The Chairman of NIHE, Mr Isa Emoabino, made the call in an interview with the News Agency of Nigeria (NAN) in Abuja on Monday.

Emoabino said that relevant professional bodies should be requested to endorse the application of contracting firms to ensure that only those with specified number of professional personnel were registered.

“The law for the registration of construction companies should be enlarged to involve a statement of approval from a professional body before a contractor is registered at CAC.

“For instance, there should be a kind of approval from COREN, CORBON and others to verify that the personnel in the contractor’s team can really deliver before CAC goes ahead to register the company.

“A contractor or consultant must have relevant professionals in his company because it is the credibility of the personnel that will confer it with viability and competence to deliver.

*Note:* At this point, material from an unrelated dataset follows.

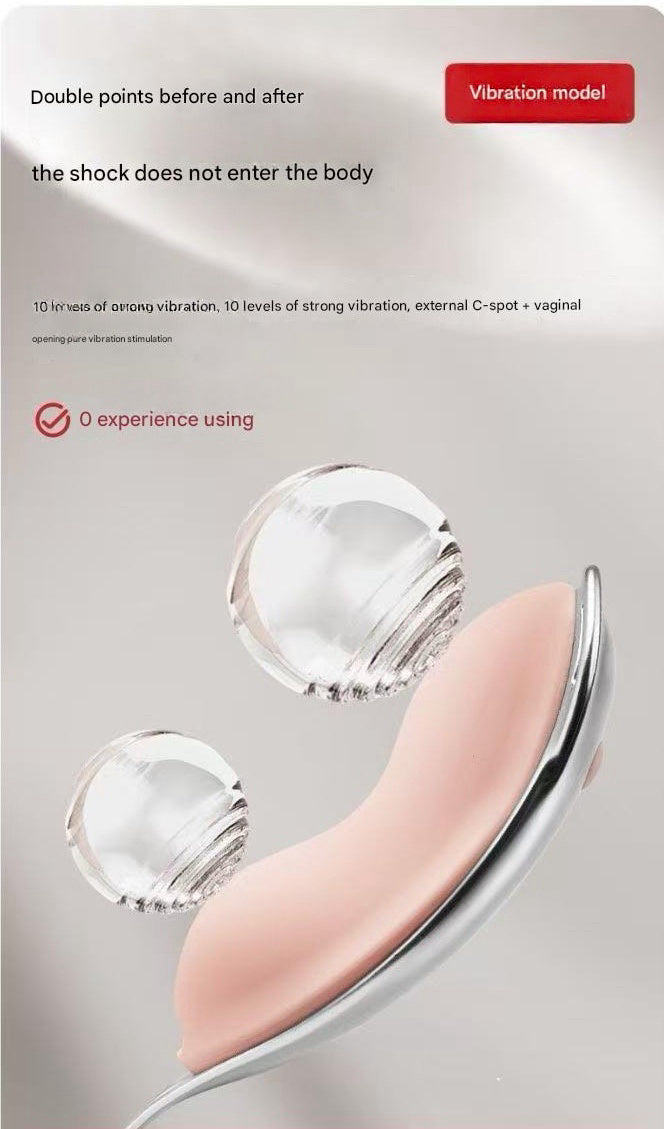 KISSTOY Wearable Intimacy Trio Series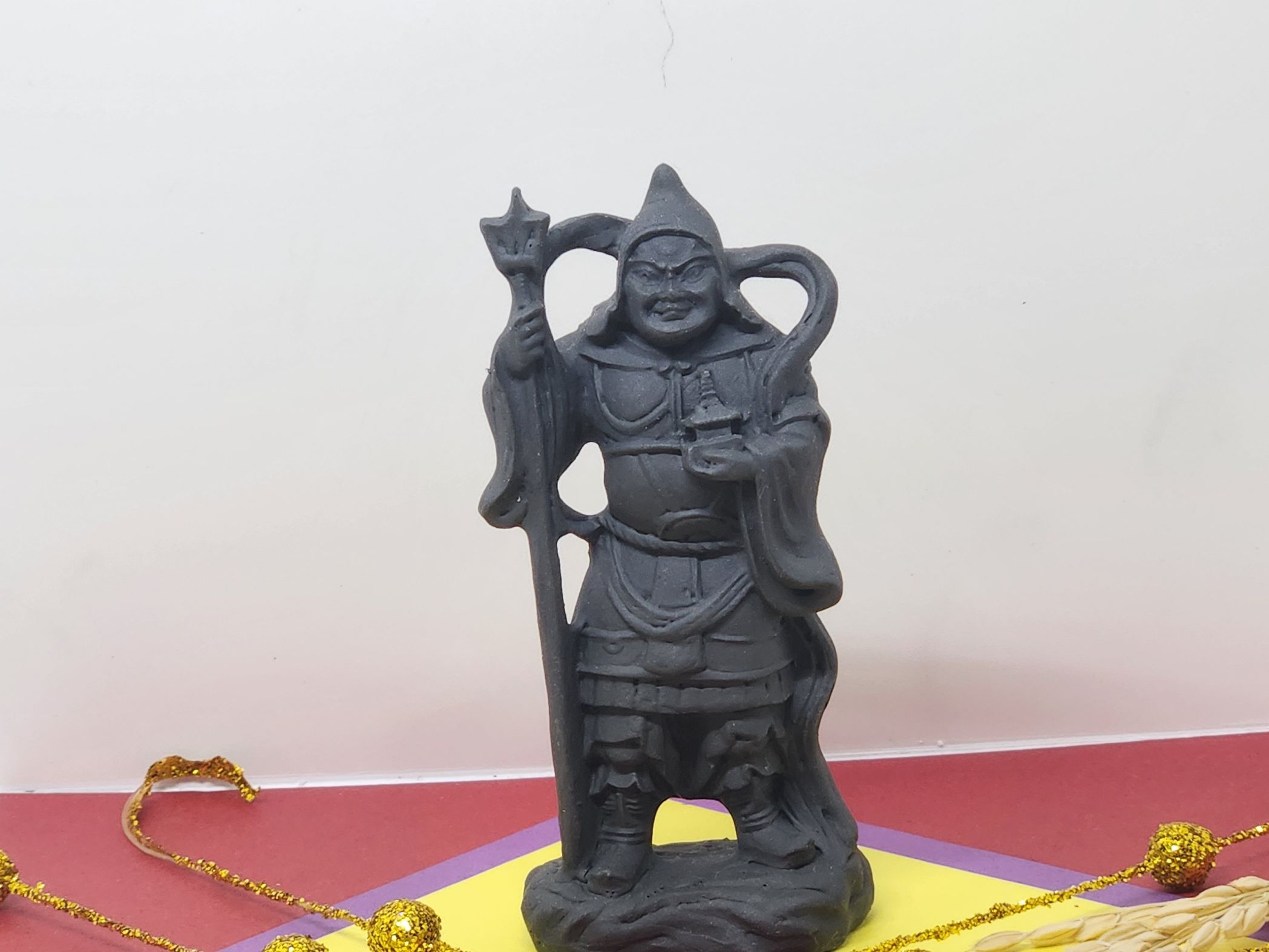 毘沙門天 | 横浜炭物語 七福神 | | 横浜炭物語オフィシャルショップ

“Clients will then have confidence that when such companies are awarded projects they will be able to deliver quality and durable jobs that conform to international standards.

“The ability to deliver must be tied to the competence or otherwise of the personnel in that system or in that company.’’

Emoabino argued that the problem of structural failures would only be addressed when the laws were specific on the number of relevant professionals that must be in the employment of any contracting firm.

According to him, the non-involvement of professional bodies in the registration process of contracting firms make it difficult to indict the actual personnel responsible for building collapse.

“There are lots of construction companies that have been registered without specific criteria by the CAC that they must have professionals in their employment.

“We must specify the number and calibre of relevant professionals that must be in the team of a contractor before such personnel can be held responsible when failure occurs.

“So, we need to make it mandatory that before you can be registered as a construction company, you must have a prescribed number of professionals either members of the board of directors or management,’’ he said.

Emoabino emphasised that NIHE was prepared to partner with relevant authorities to check quackery by eliminating the practice of nepotism in the award of contracts in the construction sector.

The NIHE chairman also urged contractors to ensure judicious application of funds allocated for projects to ensure delivery of quality service in the construction of national infrastructure.